Thursday, Selling The Future One Asset At A Time
Thursday turned to something more structural, the way Birmingham governs itself, and the decisions that shape its long-term future. Fox Street is not peripheral land. It sits beside Curzon Street, at the centre of the HS2 gateway, in one of the most strategically important areas the city possesses. Land of that nature is not simply an asset. It is leverage. It is future value.
Yet Cabinet approved its disposal. Scrutiny raised concerns, questioning whether the council had properly assessed the balance between immediate financial need and long-term strategic gain. The response felt familiar, a report revisited rather than reconsidered. Scrutiny objected. Cabinet proceeded.
This pattern raises a question that is becoming harder to ignore. Are decisions being made by elected members exercising judgement, or by officers presenting conclusions that are simply endorsed? The memory of the NEC Group sale hangs heavily over this. Sold for £307 million, resold within three years for around £800 million, and now reportedly approaching £1 billion. Confidence existed at every stage. But confidence alone does not equal competence.
Fox Street feels uncomfortably similar. A city under financial pressure, guided by unelected commissioners, moving assets in the name of necessity. Libraries close, services contract, transparency thins. And within the language of reports, residents themselves begin to appear as liabilities rather than citizens. That is the deeper risk. Not just what is sold, but how a city begins to view itself.
Friday, Not My Party, But One Of The Good Ones
By Friday, the lens tightened again, because politics ultimately returns to individuals. Emily Cox stands out not because of party alignment, but because of persistence. Our paths first crossed in a Tyburn by-election around 2000. I was the Labour councillor, she was the Liberal Democrat challenger. She lost. But she did not leave.
That detail matters more than it might seem. She went on to win in Moseley and Kings Heath, building a reputation not through messaging, but through visibility and work. Even as her party declined nationally, she maintained her position longer than many. Eventually the broader tide caught up with her, as it does with most.
Now she returns, standing in Brandwood and Kings Heath alongside Cat Wagg, and making something clear through action rather than words. She is present. Knocking doors. Listening. Engaging. Not performing a campaign, but doing one.

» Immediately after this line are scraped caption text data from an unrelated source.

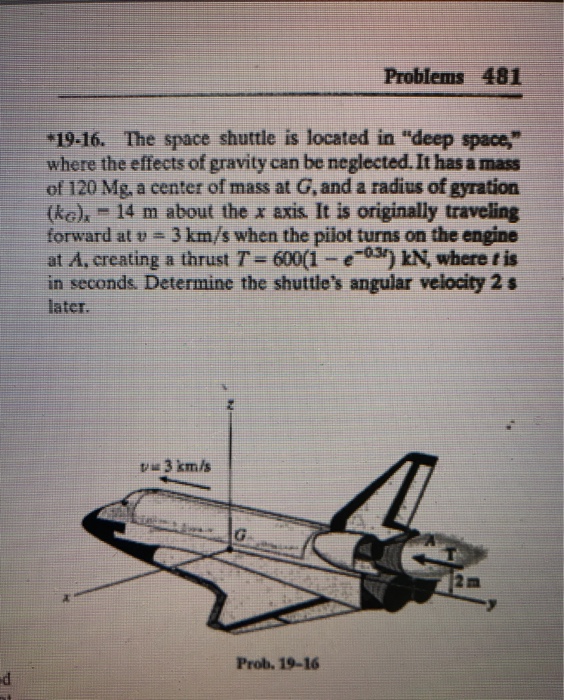 Solved The space shuttle is located in "deep space, " where | Chegg.com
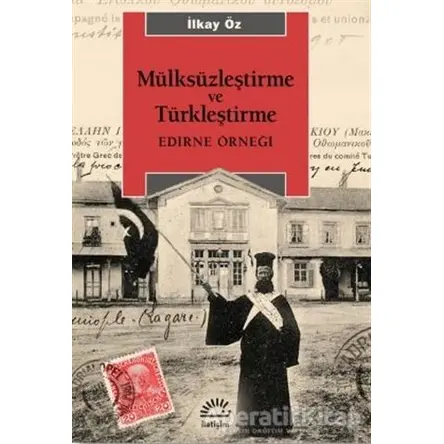 Mülksüzleştirme ve Türkleştirme - İlkay Öz - İletişim Yayınevi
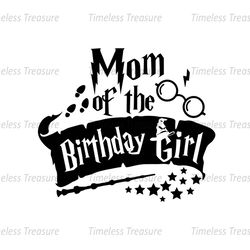 Mom Of The Birthday Girl Harry Potter Movie SVG Cut Files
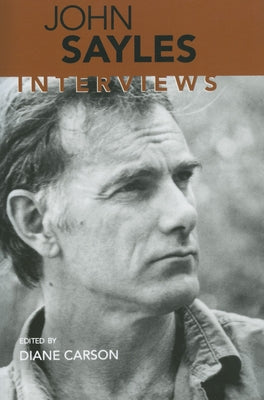 John Sayles: Interviews by Carson, Diane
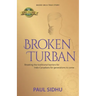 Broken Turban: Breaking the traditional barriers for Indo-Canadians for generations to come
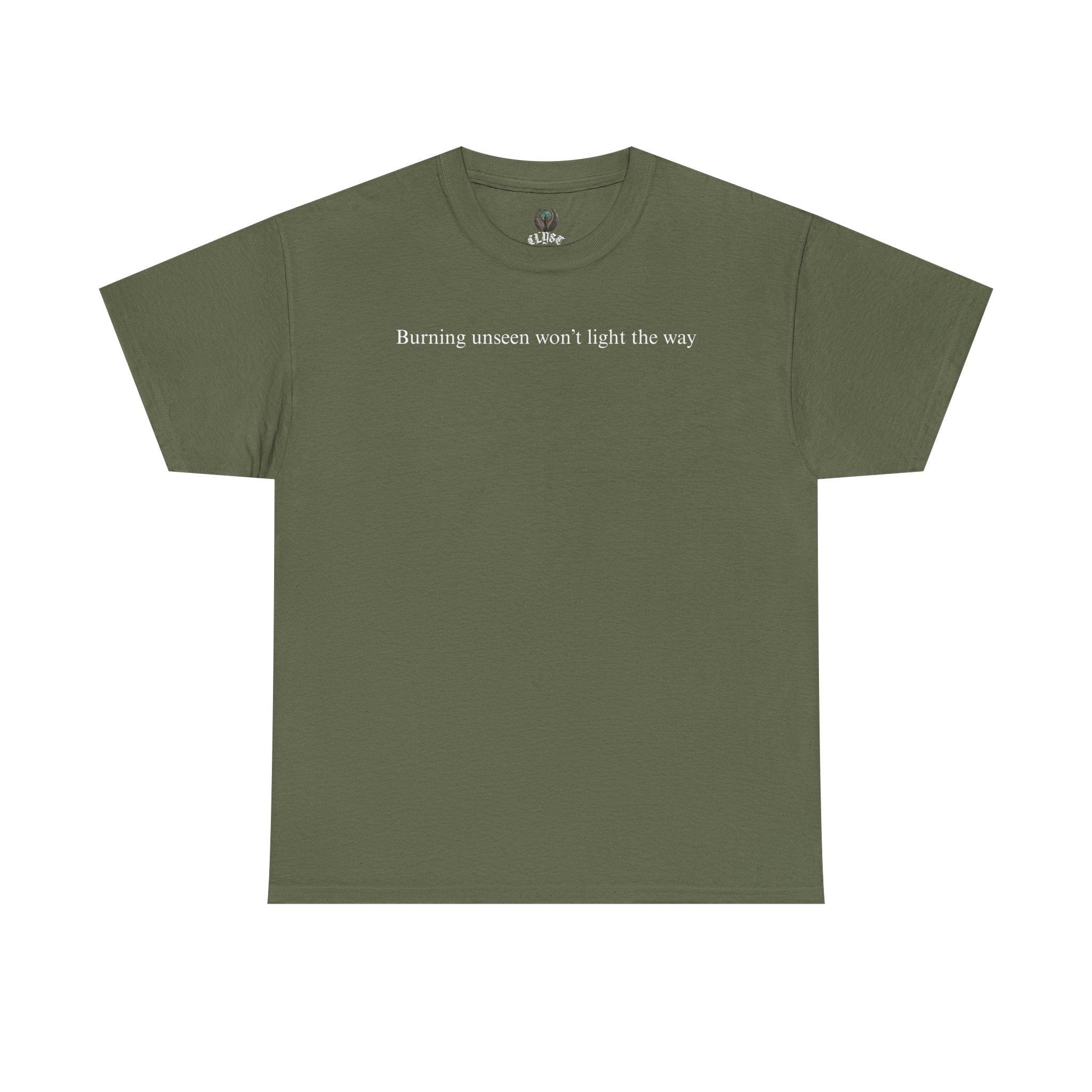 "Burning unseen won't light the way" cotton t-shirt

This is not a fixed ward. Its political history shifts, Conservative, Liberal Democrat, Labour, and now potentially open again. Labour faces pressure from multiple directions, while Greens and Reform begin to take slices of the vote. In that environment, the candidates who actually put the work in become more visible.
Agreement is secondary. Effort is not.
The Week In One Line
From Birmingham’s past to its present, from pubs to politics, from bin collections to billion-pound land decisions, the thread remains consistent. People. How they act, how they decide, how they represent, and increasingly, how they are held to account.
28,500 readers followed that thread this week.